THERE is growing concern following the detention and questioning of a second advocator for West Papua yesterday morning.

This is the second related incident concerning Indonesia’s presence in the sixth Melanesian Arts and Cultural Festival, which is irking local activists of the cause for a free West Papua from Indonesian rule.

Over the weekend, a young male activist, Mr Ben Didiomea, was held and questioned in the police stall at the Festival venue, and had his Morning Star (West Papuan flag) confiscated.

Yesterday, police held another young male Free West Papua advocator for questioning over what is believed to be connected to his postings on Facebook. This, according to members of public is a startling turn of events.

Over the weekend, Didiomea of the Solomon Islands Solidarity for West Papua group, had his flag confiscated after he held it up in front of Indonesia’s festival stall to protest its inclusion at the event.

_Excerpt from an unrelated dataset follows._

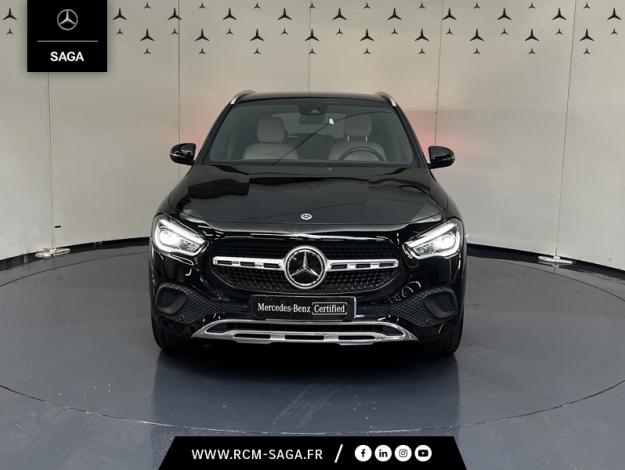 MERCEDES-BENZ GLA 200 Progressive Line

Local advocators and supporters gathered in front of the ‘Melanesia Province of West Papua’ stall to display the West Papua Morning Star flag, and were also protesting why the invite was for the Melanesian province, yet no Melanesians were present to showcase or talk to the event’s goers.

A video on Facebook showed Didiomea holding up the Morning Star flag as Indonesian officials tried to move him away from the stall.

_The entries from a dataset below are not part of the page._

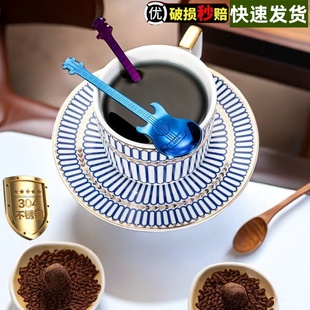 创意韩式304不锈钢咖啡勺搅拌勺子奶茶甜品雪糕冰淇淋迷你小调羹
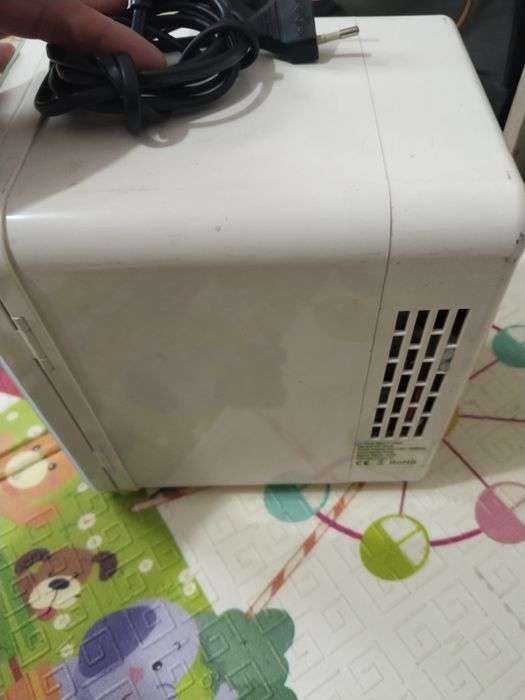 Холодильник мини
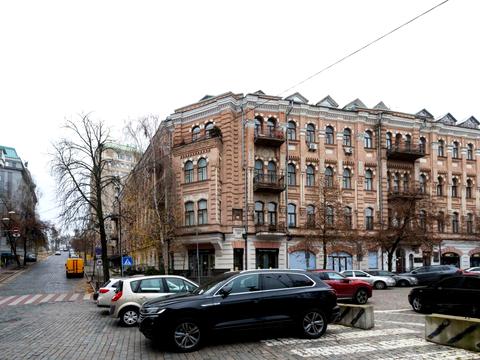 квартира за адресою Ольгинська вул., 2/1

According to eyewitnesses, Didiomea was approached by police who confiscated the flag, saying they took out the flag to stop any provocation aimed at the Indonesian delegation.

In an official statement on Sunday this week, police clarified that the flag was removed to prevent provocation of the Indonesians, and also reminded that the festival was not a political event.

They explained that the Solomon Islands Government has invited the Government of Indonesia to participate in the 6th Melanesian Art and Cultural Festival being held at various venues in Honiara from July 1-10, 2018.

“With the mandate to protect law and order and provide security in Solomon Islands, the RSIPF put in place an operational order to provide security during the MSG Leaders’ Meeting, the MACFest and the 40th anniversary of independence,” the statement adds.

Police say they put in place measures to ensure the safety of both members of the local community and visitors from participating countries, and based on daily reports, including some drunken youth getting into the Indonesian stall and threatening to burn it down and some unknown people climbing the flag poles at the Panatina venue and removed the Indonesian Flag, which they say is still missing.

Referring to the weekend incident, police explained that at about 4pm, some local supporters of the West Papua Freedom Movement arrived at the Indonesian Stall at the Melanesian Village and pulled up the Movement’s flag in front of the stall.

“The RSIPF officers at the Indonesian Stall took the flag away from the West Papua supporters and led them to the Police Post at the venue to tell them that the MACFest is not a political event but an arts festival where people should go and enjoy in a safe environment,” police said.

Police deny that at no time did the RSIPF arrest the local leader of the West Papua supporters.

“RSIPF want to strongly advice members of our communities in and around Honiara to refrain from any activity that may cause harm to the peace of our nation. Anyone who wants to disturb the peace will face the full force of the law,” the statement further adds.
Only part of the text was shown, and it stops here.